A software system's life cycle is dominated by maintenance costs and efforts. A software system's architecture is acknowledged as a key determinant of the system's properties and its successful maintenance and evolution over the lifetime of a system. However, in the area of architecture-centered software maintenance, empirical research and technology transfer from academia to practice have been impeded by disjoint environments, redundant efforts, high costs associated with developing robust tools, and the lack of shared research infrastructure and datasets. To address these challenges, this project develops the Software Architecture INstrument (SAIN), a first-of-its-kind integration framework for assembling architecture-related techniques and tools with the goal of enabling empirical research in the context of software maintenance. SAIN will deliver a tool suite comprising four principal components: (1) a catalogued library of cutting-edge tools for reverse engineering and analyzing software systems' architectures, which increases reusability and eliminates redundant tool development across the community; (2) a plug-and-play instrument for integrating the tools and techniques to promote interoperability of existing solutions and enable the creation of new solutions; (3) reproducibility wizards to set up experiment-templates, produce replication packages, and release them in easy-to-run and modify formats, which promotes wide accessibility and smooth usage of existing techniques by researchers and practitioners; and (4) a public repository of software-architecture datasets and benchmarks for supporting a broad range of software-architecture empirical studies.

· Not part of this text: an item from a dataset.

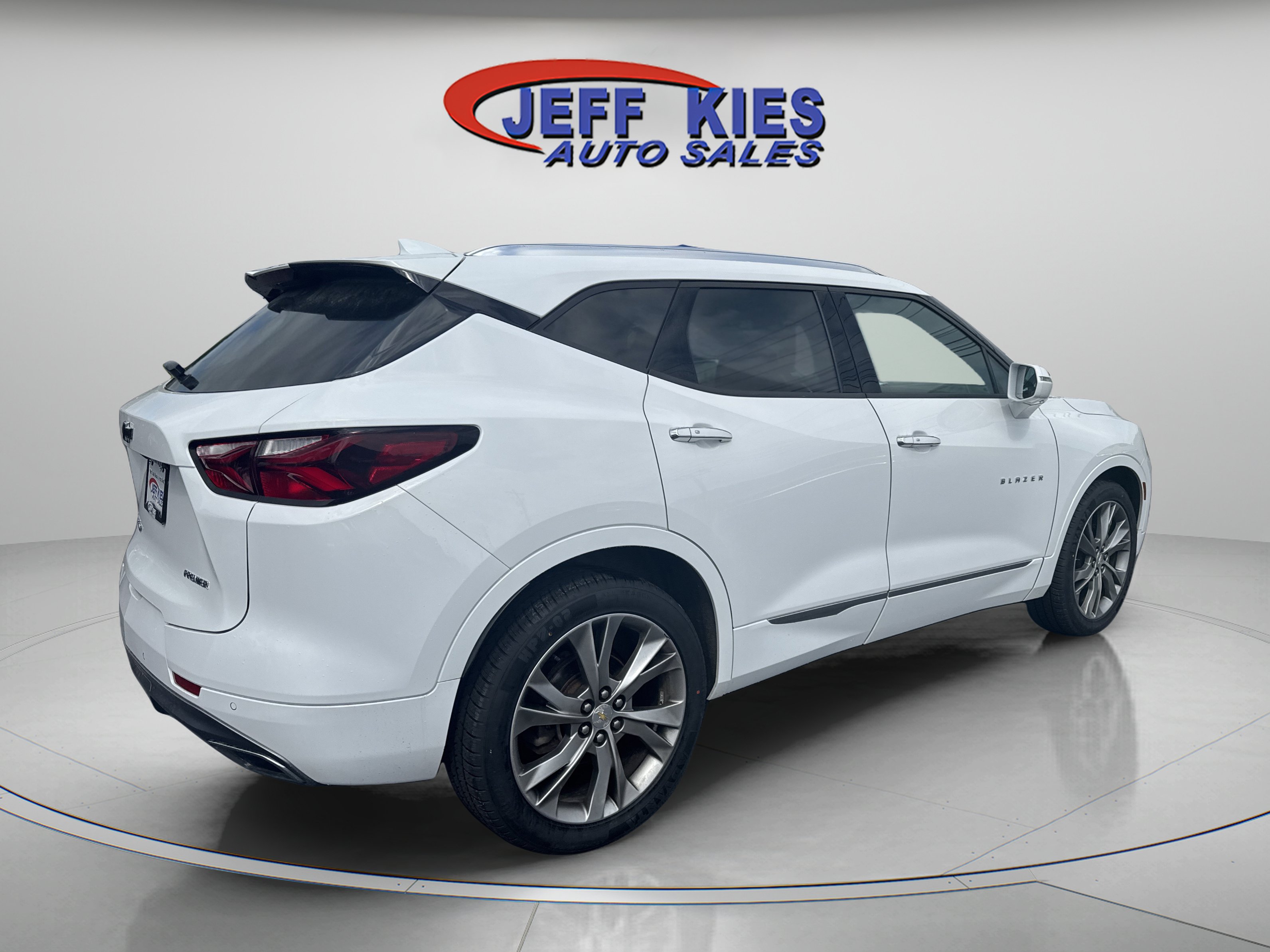 Used 2019 Chevrolet Blazer Premier w/ Sun and Wheels Package AWD/4WD image 5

SAIN aims to bridge the gap between academic research and practice in the software-architecture domain. On the one hand, SAIN will enable extensive empirical research by providing a large repository of architectural artifacts, including interoperable tools and benchmark datasets. As such, researchers will be able to compare and contrast different techniques using the same datasets to identify gaps and inaccuracies. This will enable new solutions for improving the state-of-the-art in software-architecture research. On the other hand, SAIN will provide practitioners with an authoritative source offering interoperable tools and feedback, as well as a channel to contribute cutting-edge architectural artifacts. In summary, SAIN has the potential to transform software architecture research and practice by (1) facilitating the discovery and adoption of cutting-edge techniques and tools that are best-suited to modern problems and (2) ensuring architecture's central role in a broad range of software-engineering activities. SAIN will be available for public use and will foster much more effective university-industry collaboration than is the case today.
This award reflects NSF's statutory mission and has been deemed worthy of support through evaluation using the Foundation's intellectual merit and broader impacts review criteria.